Reproduce the data exactly as given, except for any images.

Extracted records
"""
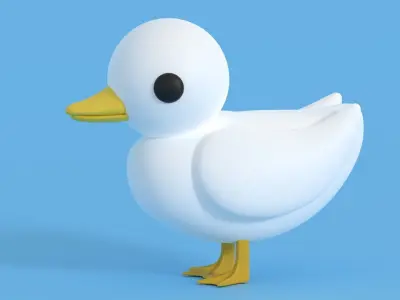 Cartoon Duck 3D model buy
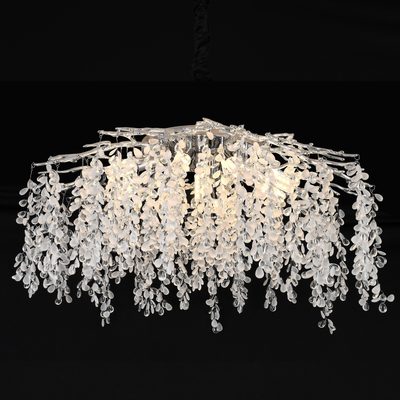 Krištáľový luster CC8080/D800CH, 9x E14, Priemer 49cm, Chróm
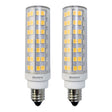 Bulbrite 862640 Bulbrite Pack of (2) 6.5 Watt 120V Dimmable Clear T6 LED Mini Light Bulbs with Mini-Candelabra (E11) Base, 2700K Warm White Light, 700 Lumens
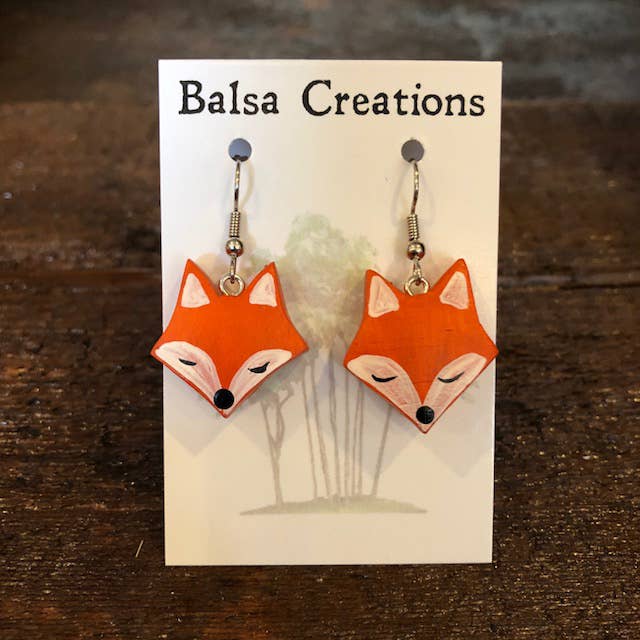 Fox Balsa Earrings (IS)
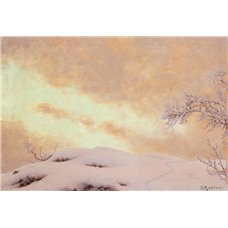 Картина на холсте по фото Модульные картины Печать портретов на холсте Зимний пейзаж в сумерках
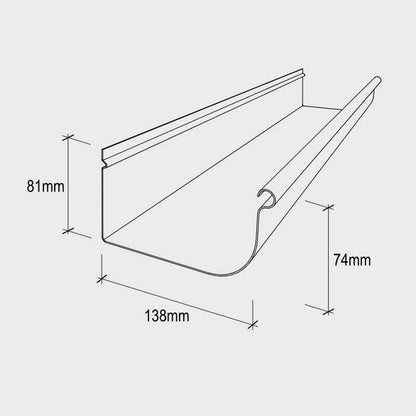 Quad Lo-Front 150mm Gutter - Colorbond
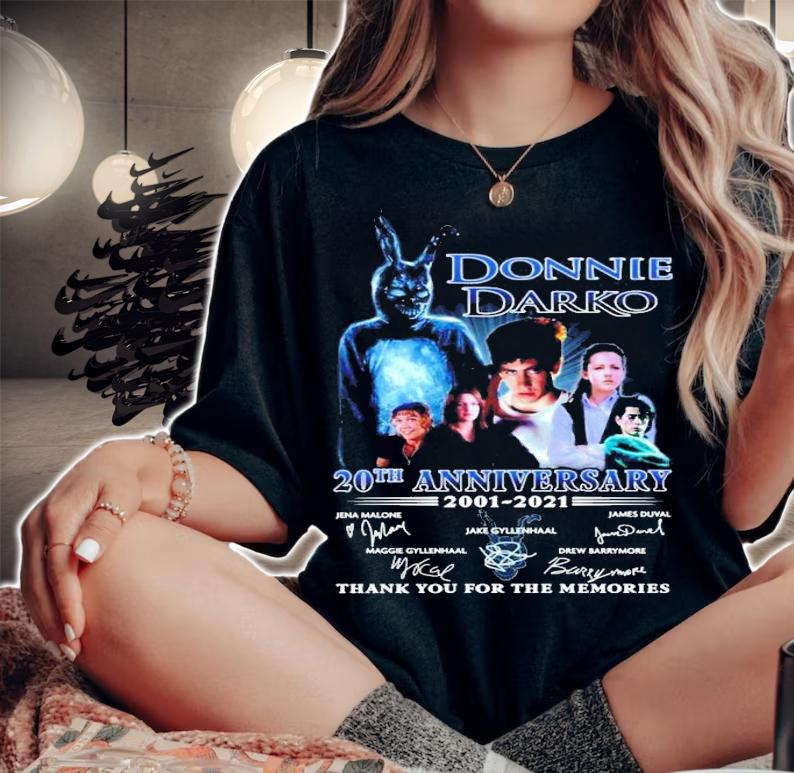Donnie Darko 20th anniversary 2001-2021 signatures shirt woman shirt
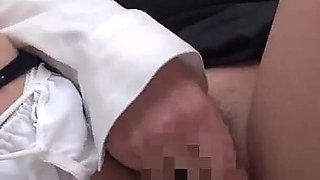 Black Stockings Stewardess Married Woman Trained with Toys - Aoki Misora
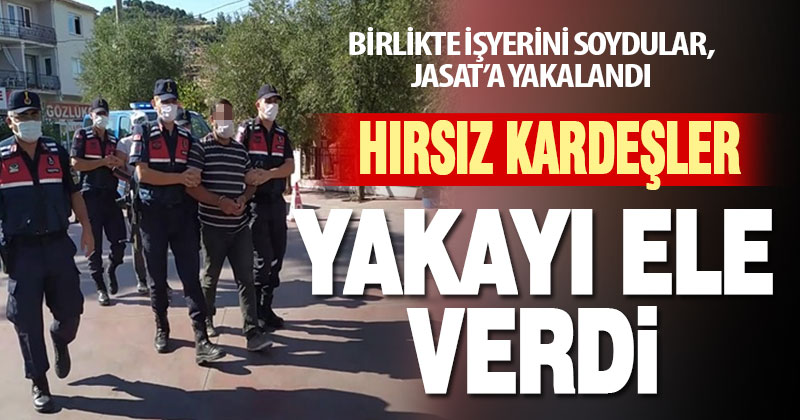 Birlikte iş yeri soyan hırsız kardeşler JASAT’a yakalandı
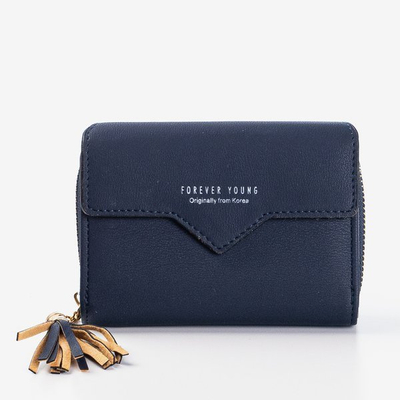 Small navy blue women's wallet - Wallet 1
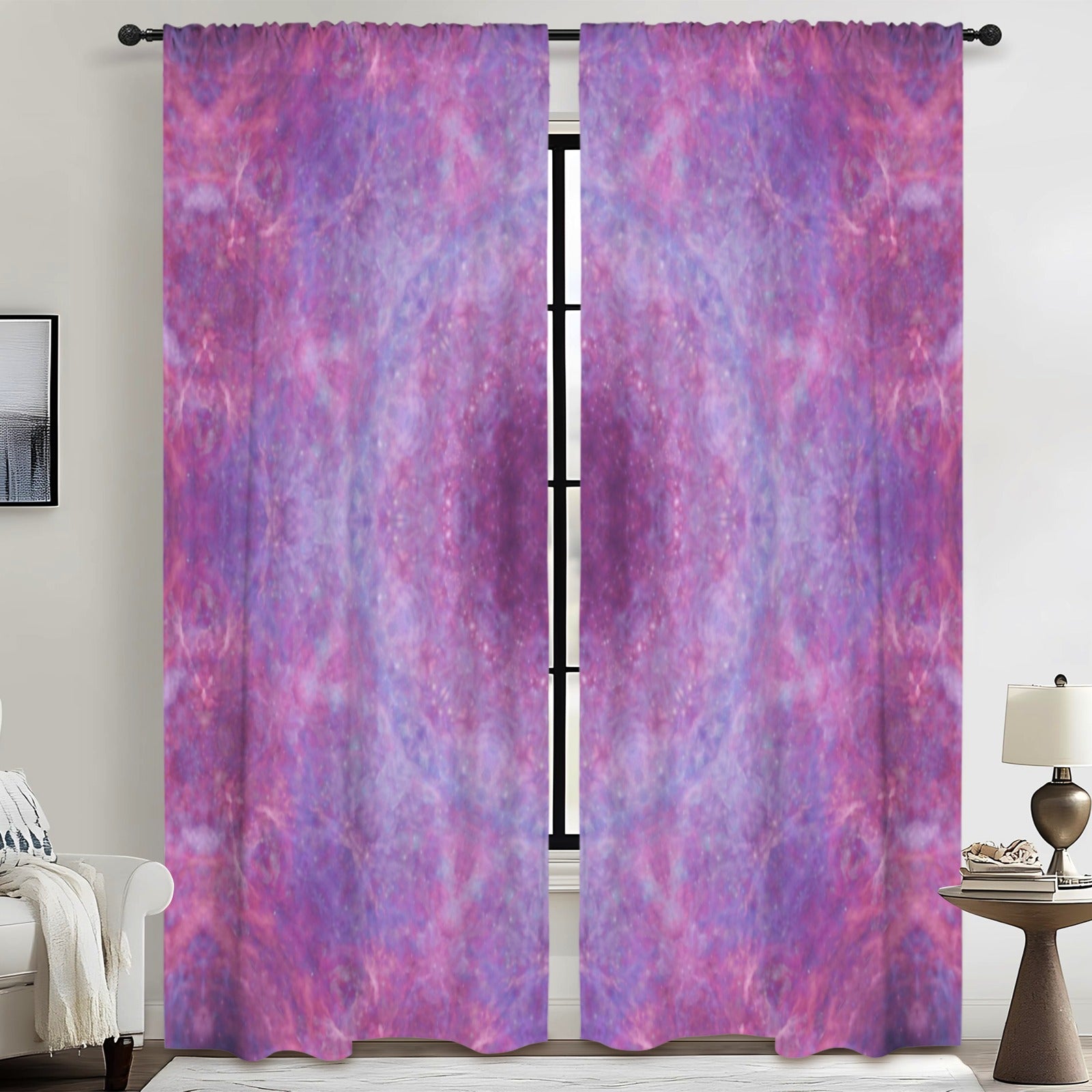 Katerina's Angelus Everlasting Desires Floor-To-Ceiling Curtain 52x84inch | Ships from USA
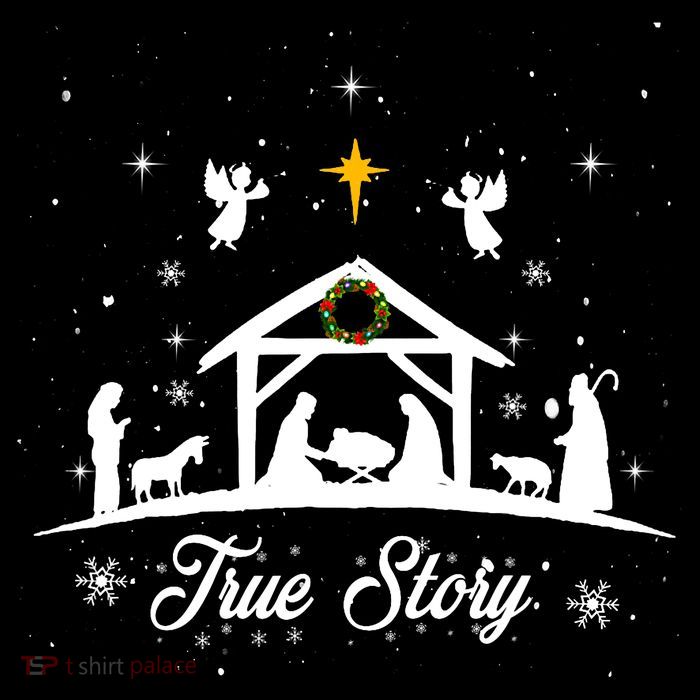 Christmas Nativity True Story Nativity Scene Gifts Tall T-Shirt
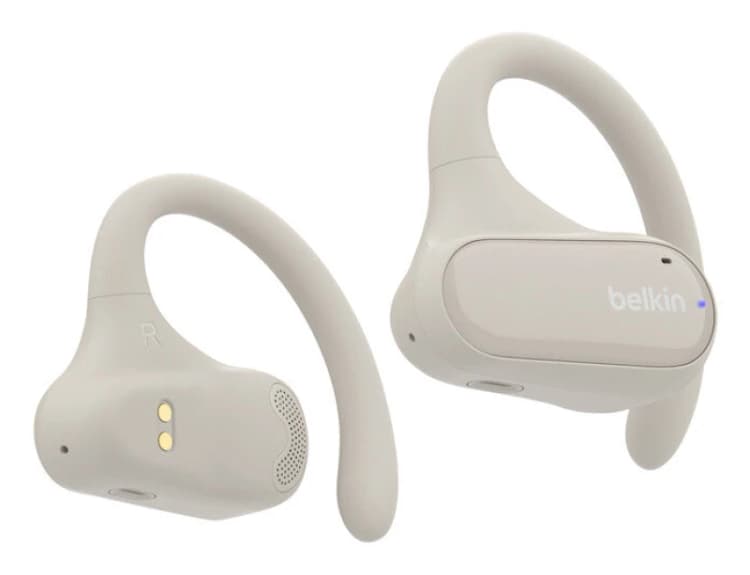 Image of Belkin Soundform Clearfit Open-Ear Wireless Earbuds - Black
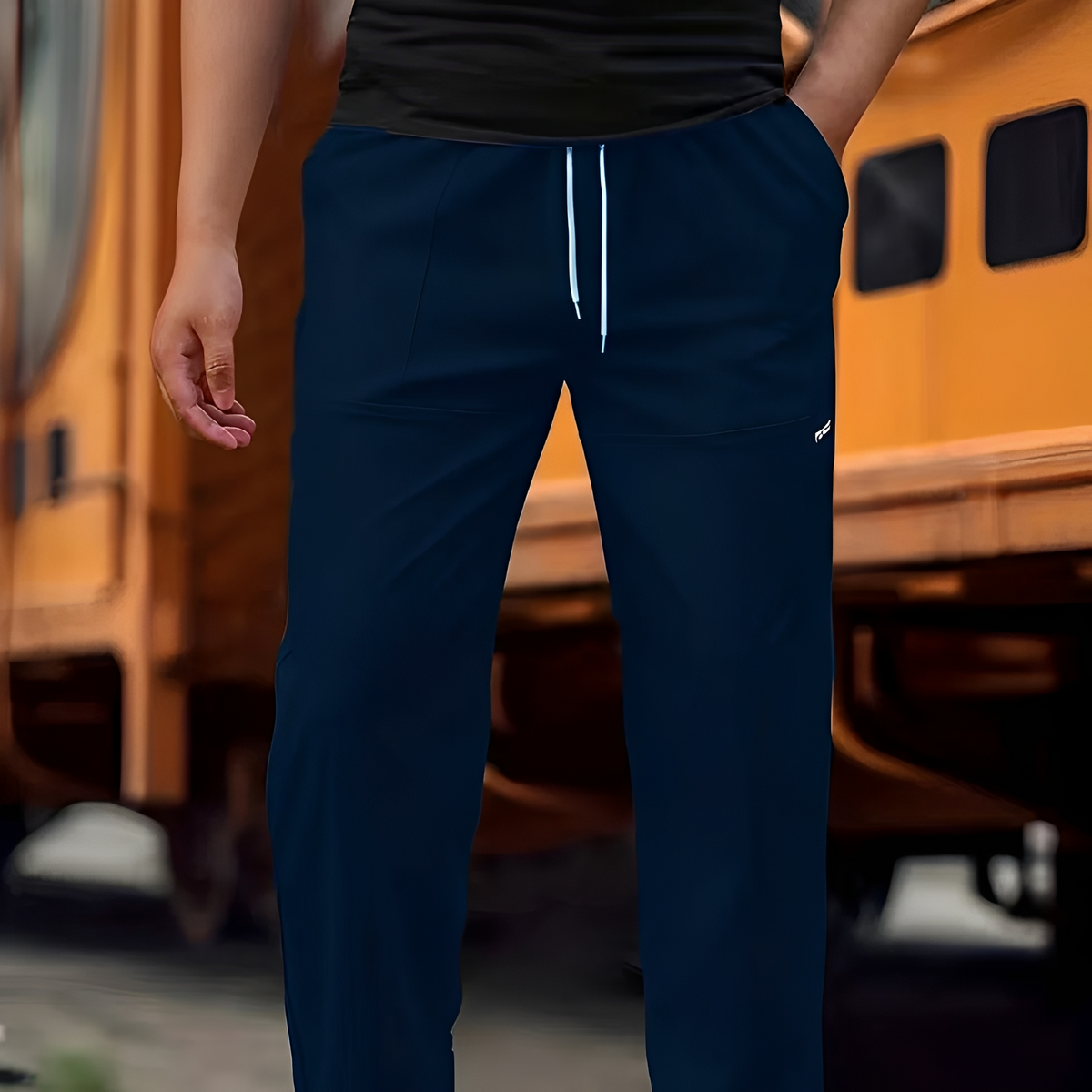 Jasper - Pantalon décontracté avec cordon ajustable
"""
EXERCISE ANSWER
 Cartoon Duck 3D model buy
 Krištáľový luster CC8080/D800CH, 9x E14, Priemer 49cm, Chróm
 Bulbrite 862640 Bulbrite Pack of (2) 6.5 Watt 120V Dimmable Clear T6 LED Mini Light Bulbs with Mini-Candelabra (E11) Base, 2700K Warm White Light, 700 Lumens
 Fox Balsa Earrings (IS)
 Картина на холсте по фото Модульные картины Печать портретов на холсте Зимний пейзаж в сумерках
 Quad Lo-Front 150mm Gutter - Colorbond
Donnie Darko 20th anniversary 2001-2021 signatures shirt woman shirt
 Black Stockings Stewardess Married Woman Trained with Toys - Aoki Misora
 Birlikte iş yeri soyan hırsız kardeşler JASAT’a yakalandı
 Small navy blue women's wallet - Wallet 1
 Katerina's Angelus Everlasting Desires Floor-To-Ceiling Curtain 52x84inch | Ships from USA
 Christmas Nativity True Story Nativity Scene Gifts Tall T-Shirt
 Image of Belkin Soundform Clearfit Open-Ear Wireless Earbuds - Black
 Jasper - Pantalon décontracté avec cordon ajustable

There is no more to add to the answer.